(Information provided begins)
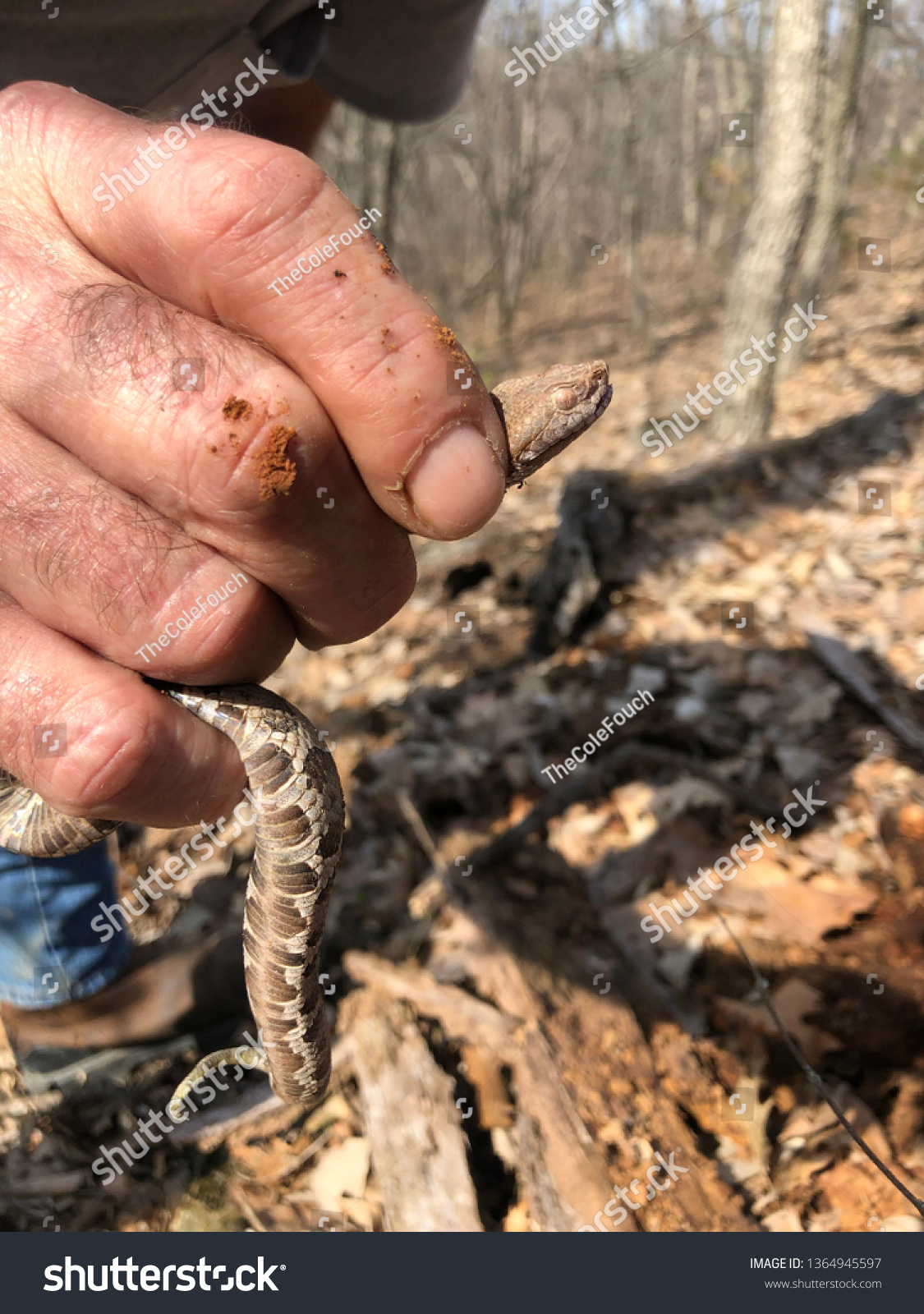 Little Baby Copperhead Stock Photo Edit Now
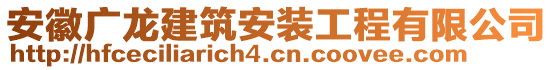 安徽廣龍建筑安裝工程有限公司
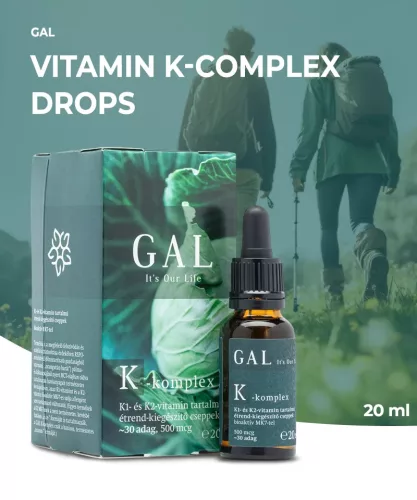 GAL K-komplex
(Information provided ends)
(Information provided begins)
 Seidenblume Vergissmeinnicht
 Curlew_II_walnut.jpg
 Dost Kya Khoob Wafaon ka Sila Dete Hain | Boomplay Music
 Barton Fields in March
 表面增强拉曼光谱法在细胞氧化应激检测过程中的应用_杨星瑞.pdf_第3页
(Information provided ends)
(Information provided begins)
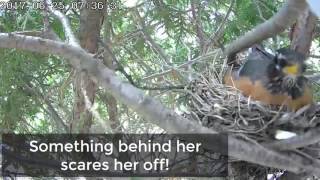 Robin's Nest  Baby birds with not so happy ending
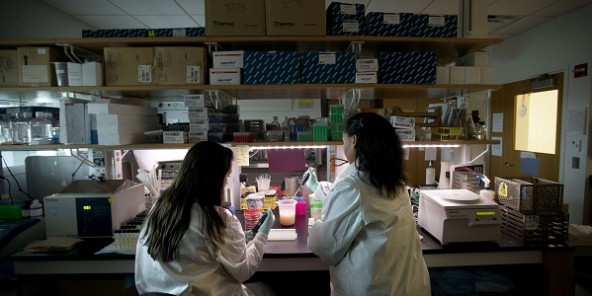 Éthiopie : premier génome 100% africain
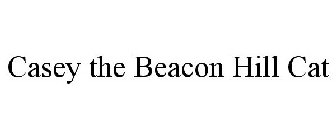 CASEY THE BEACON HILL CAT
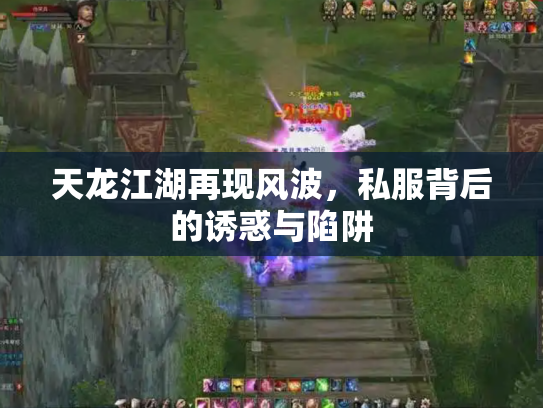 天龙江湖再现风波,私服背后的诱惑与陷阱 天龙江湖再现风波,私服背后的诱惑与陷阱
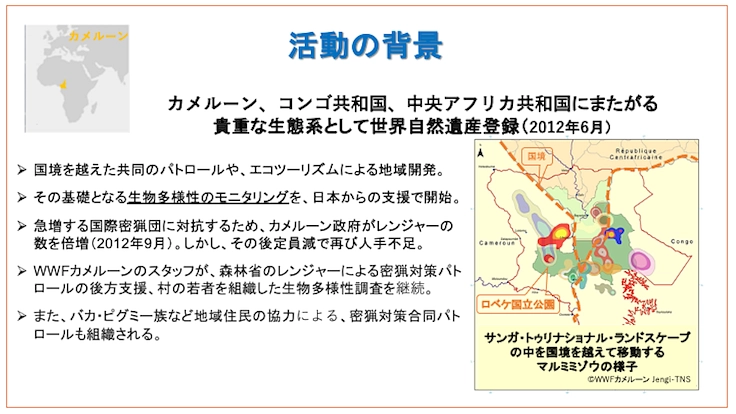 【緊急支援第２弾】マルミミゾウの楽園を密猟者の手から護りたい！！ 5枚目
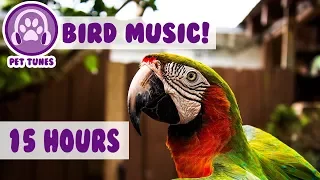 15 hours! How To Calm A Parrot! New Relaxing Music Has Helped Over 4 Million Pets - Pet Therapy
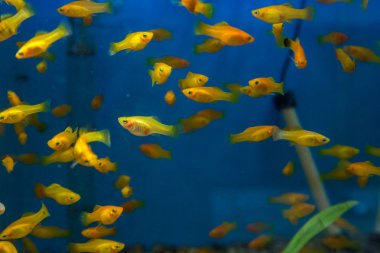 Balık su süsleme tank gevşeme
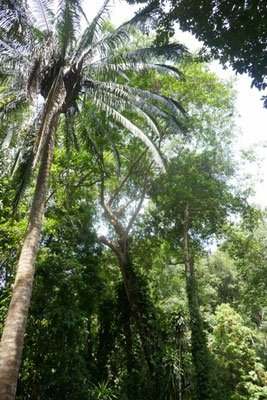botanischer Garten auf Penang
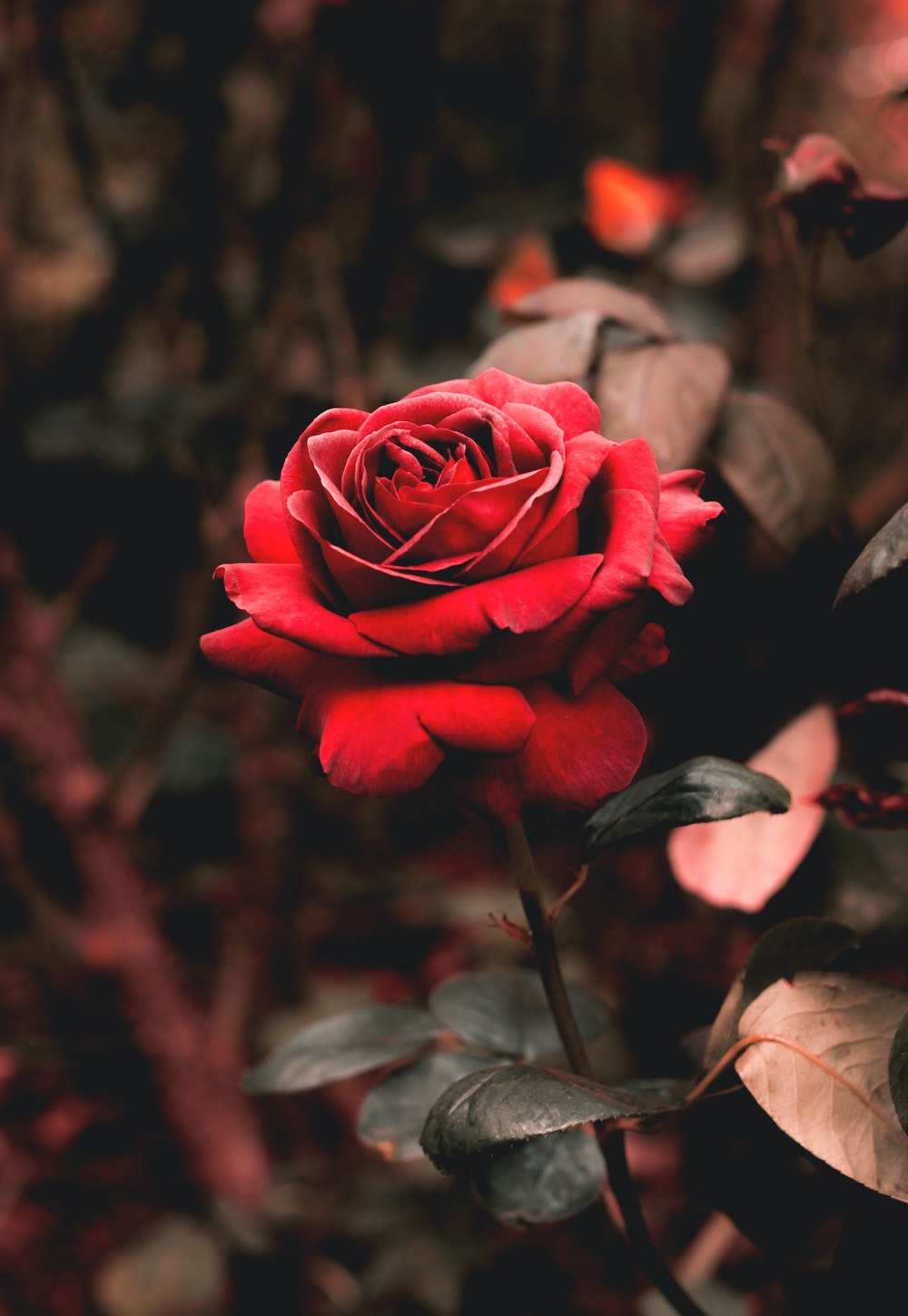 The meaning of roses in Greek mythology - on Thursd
(Information provided ends)
[Instructions for the task] Beginning with the line above that contains "CASEY THE BEACON HILL CAT" and finishing with the line that contains "The meaning of", print those lines exactly and only. Skip all pictures.

[Output of the task]
 CASEY THE BEACON HILL CAT
 天龙江湖再现风波,私服背后的诱惑与陷阱 天龙江湖再现风波,私服背后的诱惑与陷阱
 【緊急支援第２弾】マルミミゾウの楽園を密猟者の手から護りたい！！ 5枚目
 15 hours! How To Calm A Parrot! New Relaxing Music Has Helped Over 4 Million Pets - Pet Therapy
 Balık su süsleme tank gevşeme
botanischer Garten auf Penang
 The meaning of roses in Greek mythology - on Thursd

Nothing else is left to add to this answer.